Coelho LP, Alves R, Del Río ÁR, Myers PN, Cantalapiedra CP, Giner-Lamia J, Schmidt TS, Mende DR, Orakov A, Letunic I, Hildebrand F, van Rossum T, Forslund SK, Khedkar S, Maistrenko OM, Pan S, Jia L, Ferretti P, Sunagawa S, Zhao XM, Nielsen HB, Huerta-Cepas J, Bork P
Nature 2021 Dec 15; [Epub ahead of print], 10.1038/s41586-021-04233-4
 Abstract
Microbial genes encode the majority of the functional repertoire of life on earth.
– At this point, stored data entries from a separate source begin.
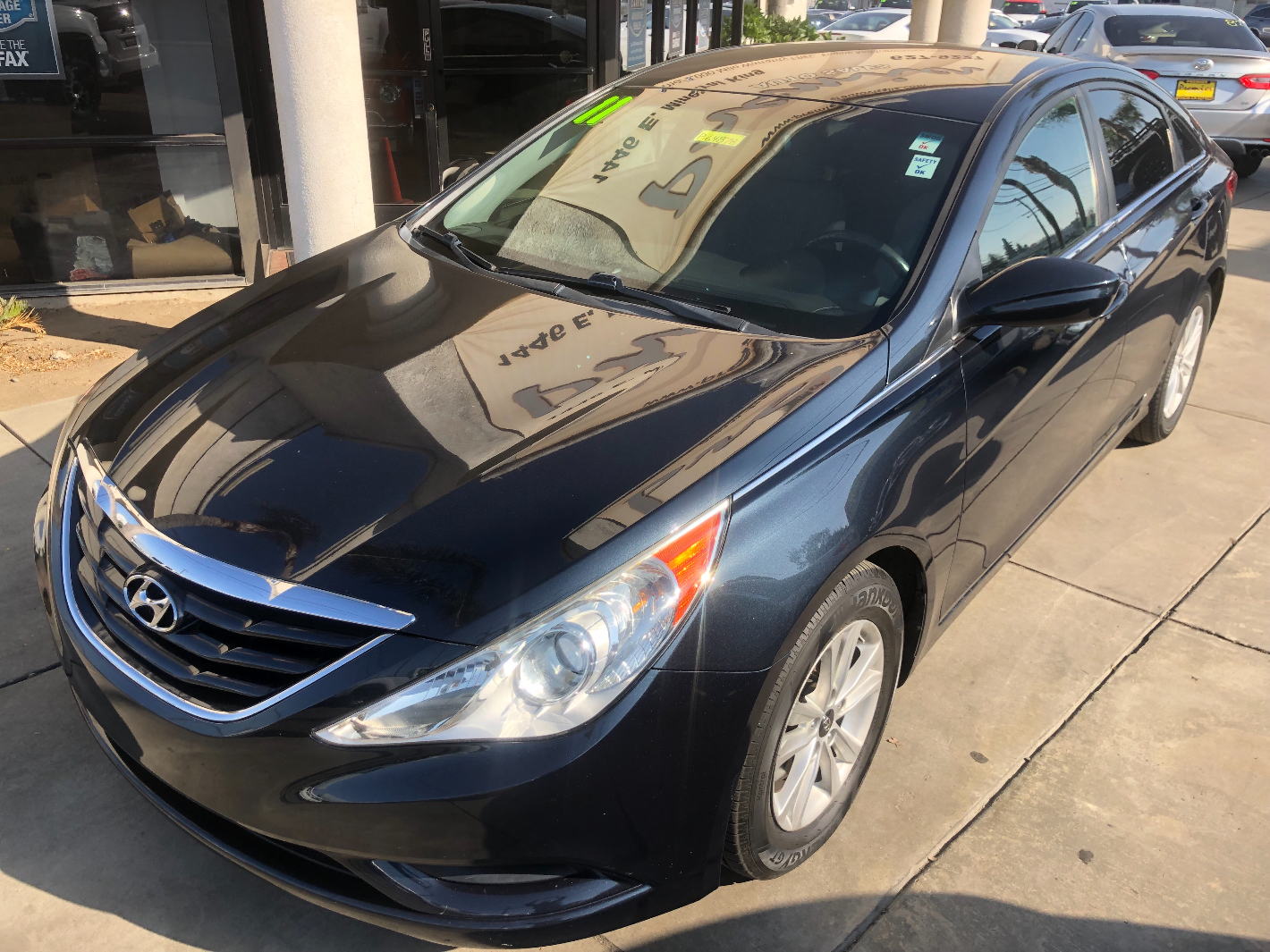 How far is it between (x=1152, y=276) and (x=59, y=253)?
570cm

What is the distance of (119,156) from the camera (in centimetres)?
613

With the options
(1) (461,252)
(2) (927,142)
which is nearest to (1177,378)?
(2) (927,142)

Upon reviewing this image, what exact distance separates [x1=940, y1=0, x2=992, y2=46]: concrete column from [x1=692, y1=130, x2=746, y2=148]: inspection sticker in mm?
7608

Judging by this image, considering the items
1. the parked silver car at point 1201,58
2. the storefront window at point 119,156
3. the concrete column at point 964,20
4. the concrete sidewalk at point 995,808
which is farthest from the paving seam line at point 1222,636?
the concrete column at point 964,20

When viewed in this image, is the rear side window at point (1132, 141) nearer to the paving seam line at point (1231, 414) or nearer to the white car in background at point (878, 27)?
the paving seam line at point (1231, 414)

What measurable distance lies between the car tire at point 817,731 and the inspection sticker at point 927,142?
119 centimetres

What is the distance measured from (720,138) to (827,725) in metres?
1.70

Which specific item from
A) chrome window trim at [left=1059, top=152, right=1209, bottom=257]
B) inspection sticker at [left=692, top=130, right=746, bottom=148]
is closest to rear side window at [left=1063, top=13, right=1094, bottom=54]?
chrome window trim at [left=1059, top=152, right=1209, bottom=257]

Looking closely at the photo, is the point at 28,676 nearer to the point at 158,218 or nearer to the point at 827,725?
the point at 827,725

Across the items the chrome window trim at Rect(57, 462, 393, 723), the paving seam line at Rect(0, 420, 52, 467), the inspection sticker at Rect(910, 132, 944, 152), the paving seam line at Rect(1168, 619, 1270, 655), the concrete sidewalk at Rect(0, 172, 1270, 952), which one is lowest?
the paving seam line at Rect(1168, 619, 1270, 655)

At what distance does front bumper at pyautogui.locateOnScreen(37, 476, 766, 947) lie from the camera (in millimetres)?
1801

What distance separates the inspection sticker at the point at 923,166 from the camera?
2771 mm

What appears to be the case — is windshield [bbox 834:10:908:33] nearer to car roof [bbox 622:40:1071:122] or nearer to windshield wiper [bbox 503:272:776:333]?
car roof [bbox 622:40:1071:122]

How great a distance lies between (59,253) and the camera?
20.2 ft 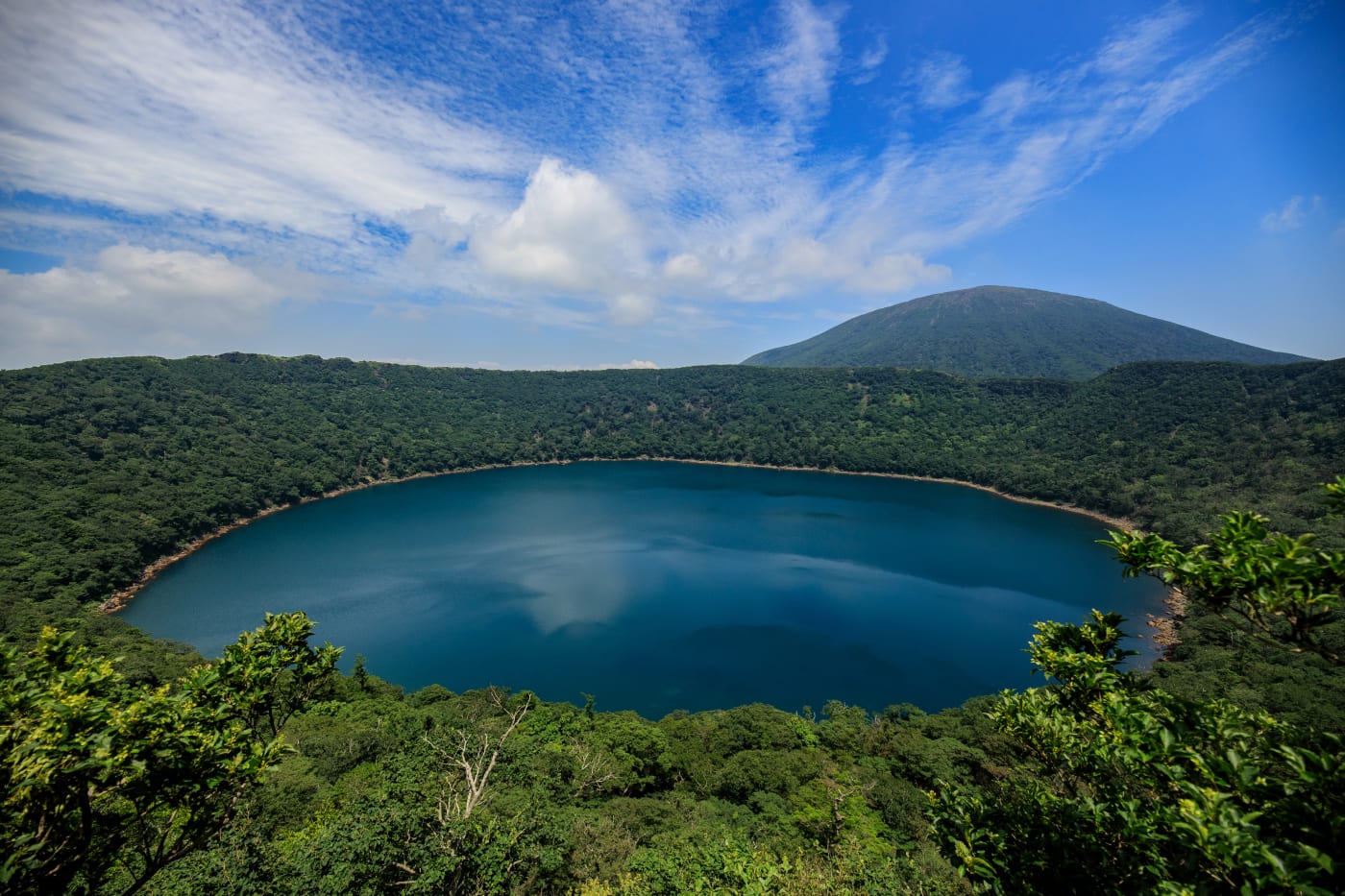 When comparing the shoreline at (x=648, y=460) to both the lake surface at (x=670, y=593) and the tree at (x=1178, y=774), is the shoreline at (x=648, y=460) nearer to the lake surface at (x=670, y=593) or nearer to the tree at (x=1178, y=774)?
the lake surface at (x=670, y=593)

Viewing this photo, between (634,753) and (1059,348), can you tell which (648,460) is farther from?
(1059,348)

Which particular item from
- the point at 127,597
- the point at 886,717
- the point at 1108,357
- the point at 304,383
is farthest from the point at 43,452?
the point at 1108,357

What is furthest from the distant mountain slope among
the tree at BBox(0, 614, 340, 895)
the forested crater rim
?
the tree at BBox(0, 614, 340, 895)

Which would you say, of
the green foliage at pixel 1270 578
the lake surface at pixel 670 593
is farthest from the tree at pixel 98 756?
the lake surface at pixel 670 593

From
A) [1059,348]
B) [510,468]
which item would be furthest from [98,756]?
[1059,348]

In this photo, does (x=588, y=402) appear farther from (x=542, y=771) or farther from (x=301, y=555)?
(x=542, y=771)

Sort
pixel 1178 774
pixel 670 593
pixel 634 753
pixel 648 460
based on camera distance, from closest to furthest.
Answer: pixel 1178 774 → pixel 634 753 → pixel 670 593 → pixel 648 460

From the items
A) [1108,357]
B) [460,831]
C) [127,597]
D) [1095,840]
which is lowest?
[127,597] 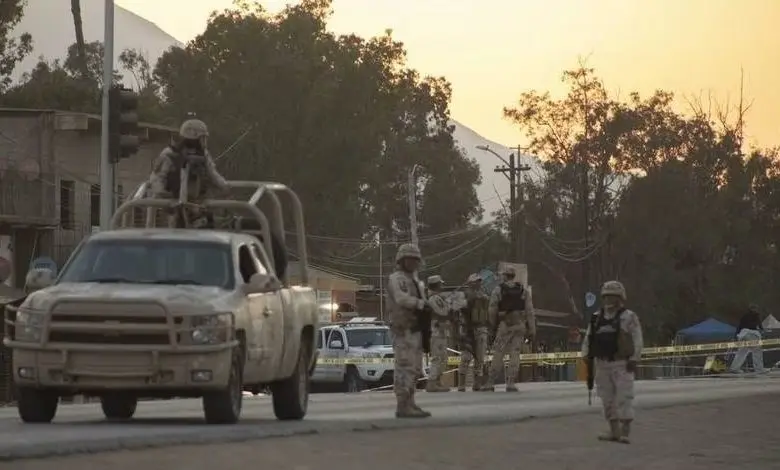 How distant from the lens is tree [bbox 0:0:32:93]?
207 feet

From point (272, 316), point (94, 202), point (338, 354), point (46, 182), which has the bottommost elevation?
point (272, 316)

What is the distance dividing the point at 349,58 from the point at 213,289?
201ft

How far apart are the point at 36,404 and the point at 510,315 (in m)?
13.1

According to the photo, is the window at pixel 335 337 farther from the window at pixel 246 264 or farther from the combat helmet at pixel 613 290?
Answer: the combat helmet at pixel 613 290

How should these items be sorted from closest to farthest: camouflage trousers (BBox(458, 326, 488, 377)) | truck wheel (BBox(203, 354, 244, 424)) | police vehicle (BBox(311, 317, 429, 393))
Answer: truck wheel (BBox(203, 354, 244, 424))
camouflage trousers (BBox(458, 326, 488, 377))
police vehicle (BBox(311, 317, 429, 393))

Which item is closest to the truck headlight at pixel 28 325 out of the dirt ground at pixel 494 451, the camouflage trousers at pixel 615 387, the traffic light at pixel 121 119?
the dirt ground at pixel 494 451

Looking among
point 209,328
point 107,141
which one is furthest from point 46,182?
point 209,328

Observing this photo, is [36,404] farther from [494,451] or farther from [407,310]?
[494,451]

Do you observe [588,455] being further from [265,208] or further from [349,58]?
[349,58]

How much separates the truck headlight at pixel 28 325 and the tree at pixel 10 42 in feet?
160

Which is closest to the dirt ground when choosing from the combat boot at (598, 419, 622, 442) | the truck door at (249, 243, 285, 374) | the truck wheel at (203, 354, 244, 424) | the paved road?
the combat boot at (598, 419, 622, 442)

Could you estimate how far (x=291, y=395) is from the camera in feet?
57.2

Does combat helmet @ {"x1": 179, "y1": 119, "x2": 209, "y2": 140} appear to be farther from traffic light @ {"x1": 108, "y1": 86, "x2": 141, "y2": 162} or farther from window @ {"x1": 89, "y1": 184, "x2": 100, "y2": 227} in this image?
window @ {"x1": 89, "y1": 184, "x2": 100, "y2": 227}

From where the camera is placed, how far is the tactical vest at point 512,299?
27766 millimetres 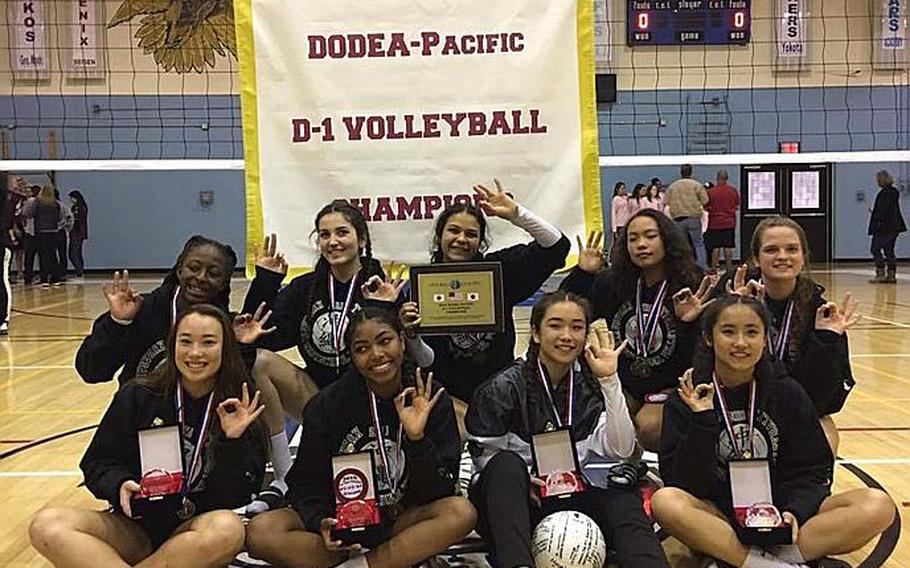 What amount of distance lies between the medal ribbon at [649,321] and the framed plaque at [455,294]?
612 mm

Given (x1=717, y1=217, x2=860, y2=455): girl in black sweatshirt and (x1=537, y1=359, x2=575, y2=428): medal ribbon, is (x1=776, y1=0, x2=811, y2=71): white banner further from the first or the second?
(x1=537, y1=359, x2=575, y2=428): medal ribbon

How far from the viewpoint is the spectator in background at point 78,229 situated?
1486 centimetres

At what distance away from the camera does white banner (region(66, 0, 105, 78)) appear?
1402cm

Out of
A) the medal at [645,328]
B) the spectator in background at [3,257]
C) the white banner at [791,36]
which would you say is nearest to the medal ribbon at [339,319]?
the medal at [645,328]

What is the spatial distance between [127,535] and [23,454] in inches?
81.4

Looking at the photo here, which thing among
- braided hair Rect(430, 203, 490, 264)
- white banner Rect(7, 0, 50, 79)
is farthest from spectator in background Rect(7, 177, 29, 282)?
braided hair Rect(430, 203, 490, 264)

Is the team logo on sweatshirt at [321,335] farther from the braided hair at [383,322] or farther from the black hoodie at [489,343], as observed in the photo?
the braided hair at [383,322]

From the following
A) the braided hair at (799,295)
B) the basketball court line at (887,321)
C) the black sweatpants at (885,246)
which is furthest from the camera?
the black sweatpants at (885,246)

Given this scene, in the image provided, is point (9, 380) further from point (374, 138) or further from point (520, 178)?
point (520, 178)

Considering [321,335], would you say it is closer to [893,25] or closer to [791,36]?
[791,36]

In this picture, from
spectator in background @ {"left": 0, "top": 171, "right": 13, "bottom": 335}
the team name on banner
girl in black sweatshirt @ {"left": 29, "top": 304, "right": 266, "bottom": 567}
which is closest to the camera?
girl in black sweatshirt @ {"left": 29, "top": 304, "right": 266, "bottom": 567}

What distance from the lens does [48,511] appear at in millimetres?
2725

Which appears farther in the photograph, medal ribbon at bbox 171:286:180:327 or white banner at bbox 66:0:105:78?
white banner at bbox 66:0:105:78

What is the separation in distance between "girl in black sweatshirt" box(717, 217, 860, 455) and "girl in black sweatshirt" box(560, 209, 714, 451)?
22cm
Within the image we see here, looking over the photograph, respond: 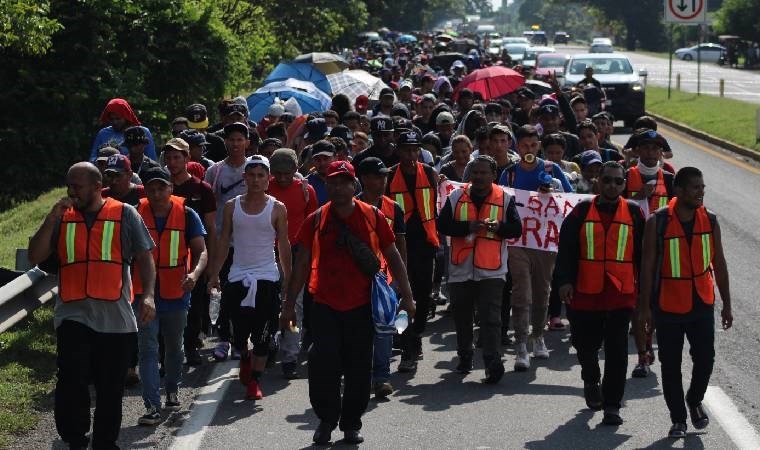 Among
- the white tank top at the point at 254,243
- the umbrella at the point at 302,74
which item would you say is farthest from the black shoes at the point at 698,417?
the umbrella at the point at 302,74

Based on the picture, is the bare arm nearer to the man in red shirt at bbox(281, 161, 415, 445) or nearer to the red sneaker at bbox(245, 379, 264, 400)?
the man in red shirt at bbox(281, 161, 415, 445)

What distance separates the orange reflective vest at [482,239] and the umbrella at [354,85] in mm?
14782

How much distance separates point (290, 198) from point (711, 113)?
27.9m

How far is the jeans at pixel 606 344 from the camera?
9.21 metres

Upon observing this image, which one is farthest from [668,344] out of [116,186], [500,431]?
[116,186]

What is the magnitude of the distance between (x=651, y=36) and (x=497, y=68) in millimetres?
93694

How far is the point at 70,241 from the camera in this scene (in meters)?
8.05

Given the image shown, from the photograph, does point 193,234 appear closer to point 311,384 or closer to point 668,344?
point 311,384

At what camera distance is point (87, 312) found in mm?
8117

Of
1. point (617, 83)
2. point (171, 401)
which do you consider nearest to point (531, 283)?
point (171, 401)

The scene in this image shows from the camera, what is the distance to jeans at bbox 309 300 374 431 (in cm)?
874

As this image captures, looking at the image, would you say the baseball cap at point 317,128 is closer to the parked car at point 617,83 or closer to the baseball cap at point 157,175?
the baseball cap at point 157,175

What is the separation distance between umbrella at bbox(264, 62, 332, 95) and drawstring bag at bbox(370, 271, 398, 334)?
55.3ft

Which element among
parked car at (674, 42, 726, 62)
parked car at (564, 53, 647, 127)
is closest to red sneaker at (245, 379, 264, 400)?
parked car at (564, 53, 647, 127) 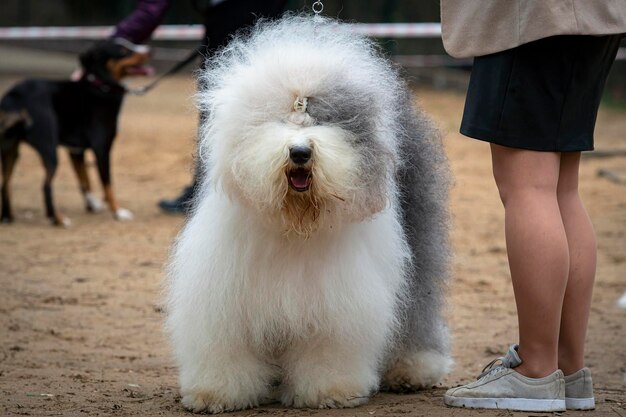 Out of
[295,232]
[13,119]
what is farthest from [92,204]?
[295,232]

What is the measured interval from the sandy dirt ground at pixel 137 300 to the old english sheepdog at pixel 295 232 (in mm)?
158

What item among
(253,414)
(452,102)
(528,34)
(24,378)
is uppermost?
(528,34)

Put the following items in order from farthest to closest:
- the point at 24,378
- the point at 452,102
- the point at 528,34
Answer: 1. the point at 452,102
2. the point at 24,378
3. the point at 528,34

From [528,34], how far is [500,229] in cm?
459

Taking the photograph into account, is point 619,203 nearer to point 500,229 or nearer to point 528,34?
point 500,229

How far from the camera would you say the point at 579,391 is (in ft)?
11.3

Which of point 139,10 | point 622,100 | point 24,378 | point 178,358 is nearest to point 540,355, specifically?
point 178,358

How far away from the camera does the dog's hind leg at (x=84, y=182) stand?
8.54 m

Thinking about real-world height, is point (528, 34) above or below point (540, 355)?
above

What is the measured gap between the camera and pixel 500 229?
757 centimetres

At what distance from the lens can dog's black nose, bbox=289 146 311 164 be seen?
10.1 ft

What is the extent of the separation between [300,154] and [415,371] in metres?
1.18

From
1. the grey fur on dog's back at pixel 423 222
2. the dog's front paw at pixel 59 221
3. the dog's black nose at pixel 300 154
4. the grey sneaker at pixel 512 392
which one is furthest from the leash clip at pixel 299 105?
the dog's front paw at pixel 59 221

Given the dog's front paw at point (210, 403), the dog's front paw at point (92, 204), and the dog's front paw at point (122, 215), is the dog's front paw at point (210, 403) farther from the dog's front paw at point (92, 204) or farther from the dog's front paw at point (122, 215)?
the dog's front paw at point (92, 204)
However, despite increasing efforts in metagenomic sequencing of various habitats1,2,3, little is known about the distribution of genes across the global biosphere, with implications for human and planetary health. Here we constructed a non-redundant gene catalogue of 303 million species-level genes (clustered at 95% nucleotide identity) from 13,174 publicly available metagenomes across 14 major habitats and use it to show that most genes are specific to a single habitat. The small fraction of genes found in multiple habitats is enriched in antibiotic-resistance genes and markers for mobile genetic elements. By further clustering these species-level genes into 32 million protein families, we observed that a small fraction of these families contain the majority of the genes (0.6% of families account for 50% of the genes). The majority of species-level genes and protein families are rare. Furthermore, species-level genes, and in particular the rare ones, show low rates of positive (adaptive) selection, supporting a model in which most genetic variability observed within each protein family is neutral or nearly neutral.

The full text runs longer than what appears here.